Ozzy's approach for the most part is 'question & answer' type blues vocal melodies. I’d say it’s like 'here’s the question', 'here’s the answer' and 'here’s the release'. War Pigs would be the ultimate example of this, and The Wizard, and plenty of others, there’s always a balance to his approach. Sabbath are a lesson in how to drive a band. If you have bass guitar, drums and vocals, Sabbath will show how to create space and groove and lift everyone up into something bigger than the parts.

Jack White

I’d say back in the 2000’s Jack White made me feel more at ease with my voice. Stuff melody, just get the words out and make it work, it’s not going to be pleasant, it’s a cathartic release.

Home recordings, making records quickly, using a simplified drummers approach, don’t crowd the song with over complication, create your own restrictions, celebrate your restrictions, and use them as a strength to work with.

Also, research pedals and guitar tones, completely rearrange your sound.

"Get out of the generic setups and use vintage gear, vintage everything. Turn your back on the 'arena sound' and somehow end up in an arena at the same time."

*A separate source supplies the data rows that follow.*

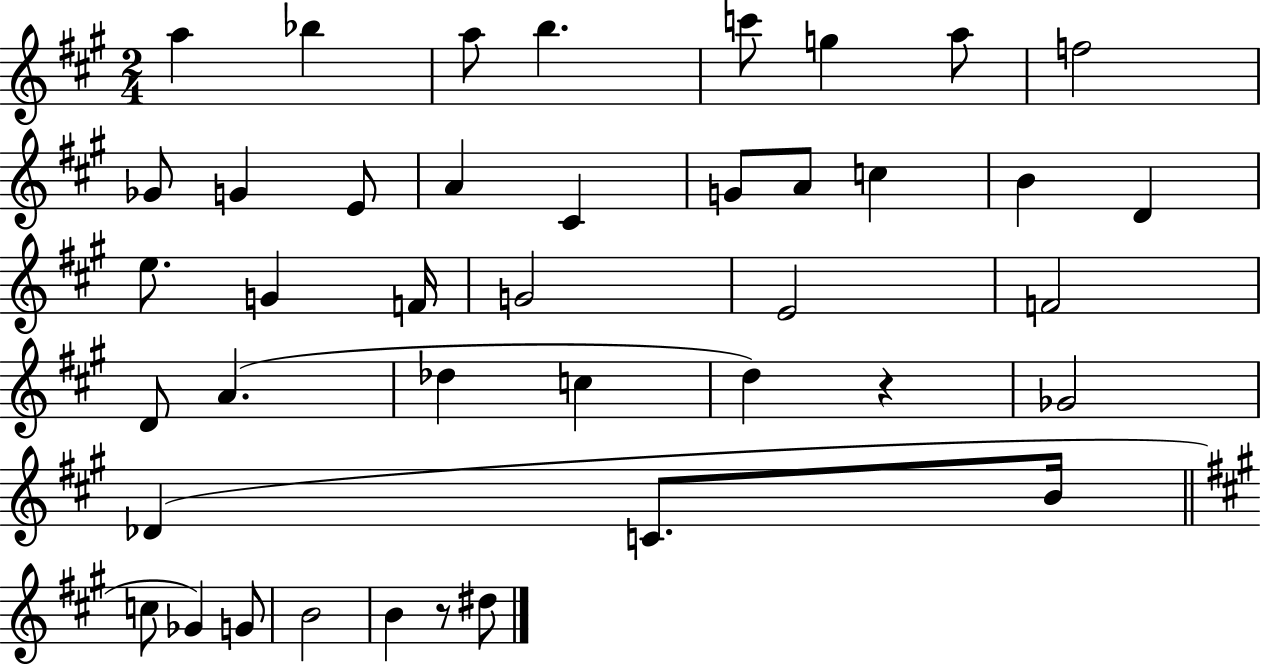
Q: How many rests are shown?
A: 2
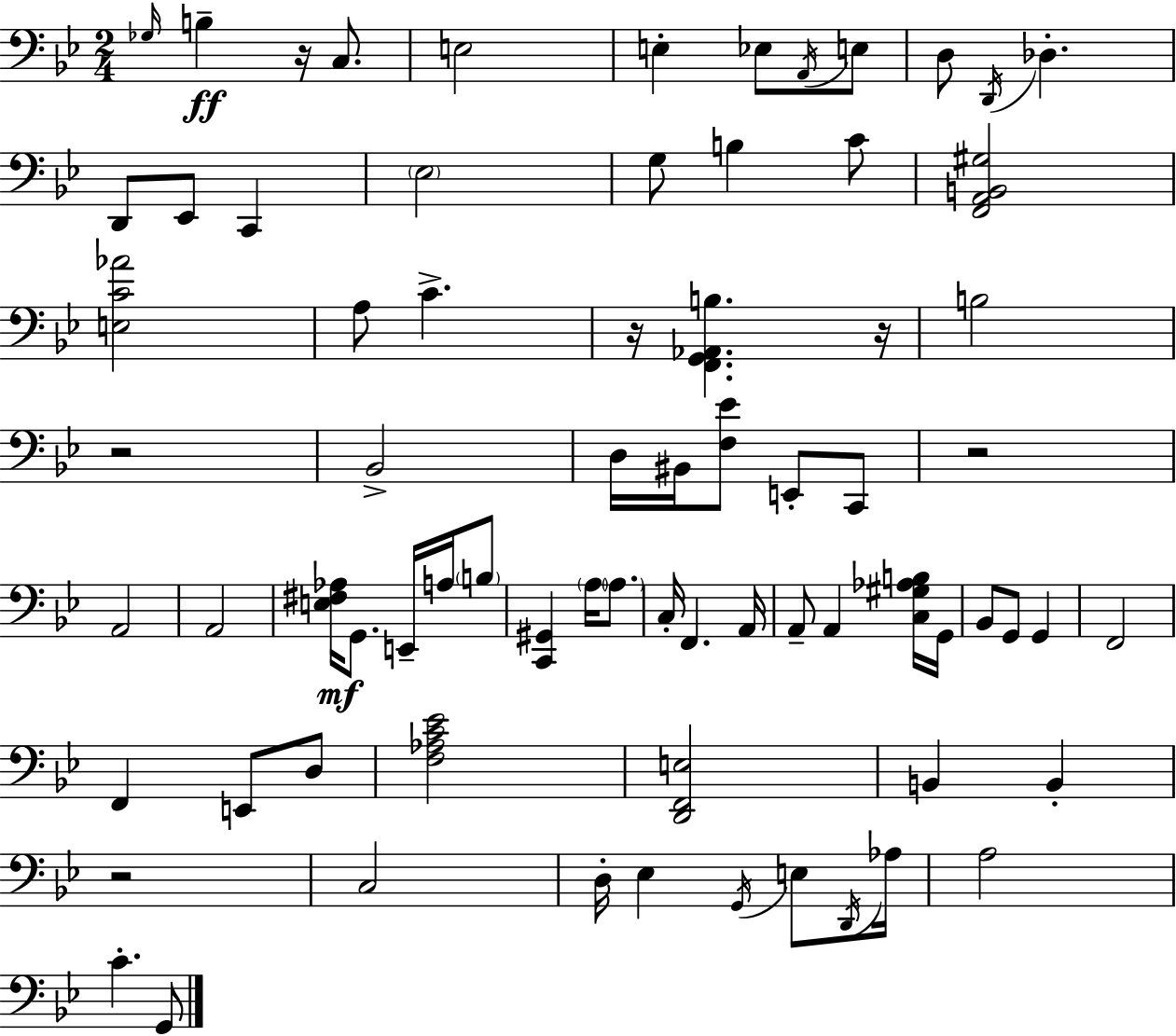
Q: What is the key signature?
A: G minor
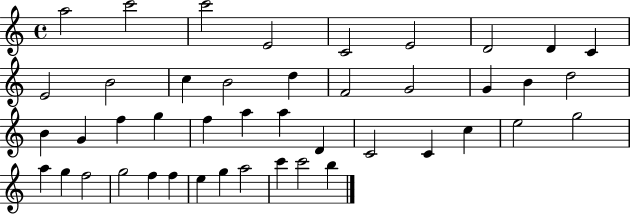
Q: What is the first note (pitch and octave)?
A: A5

Around the 2000’s Grunge was done, drop d tunings had runs their course, and no one knew which way to take RocknRoll, or if it was even worth it. The White Stripes freshened it up, turned it on its head and got the show in the road for many a guitar driven band. And two pieces! Forget the bass, just go raw and charge ahead.

Jim Morrison

I guess the stream of consciousness of Jim Morrison’s lyrical approach always spoke to me. In the sense of just writing whatever comes off the top of your mind, then thinking about it later. Write lyrics quickly without thought, I’ve written lyrics on the floor in a jam room and thought I’ll improve them later, and that never happens, then it ends up being (Wolfmother's) Dimension and a crowd of people are singing along. It strikes me as a cool thing that Morrison couldn't play a note on an instrument, yet he managed to inspire a band and create so much music. The lyrics, drive and imagery can really inspire a band, it’s the look and feel of songs that transport you into a creative headspace. Blood red sunset of fantastic LA always rings out to me.

"Every time I land in LA and drive up La Cienega Blvd I’m always hearing LA Woman in my mind."

The departure from pragmatic constraints and the other experimentation with higher consciousness has always appealed to me. I’m a believer in a great opening line to a song straight off the bat. 'Hello, I love you won’t you tell me your name?' I mean that sets the stage pretty quickly. There’s a respect for time and the listeners time with Jim Morrison, make your point and get it across quickly. There’s nothing like economy of words, though on the same hand if you want meandering musings, he’s got that up his sleeve too.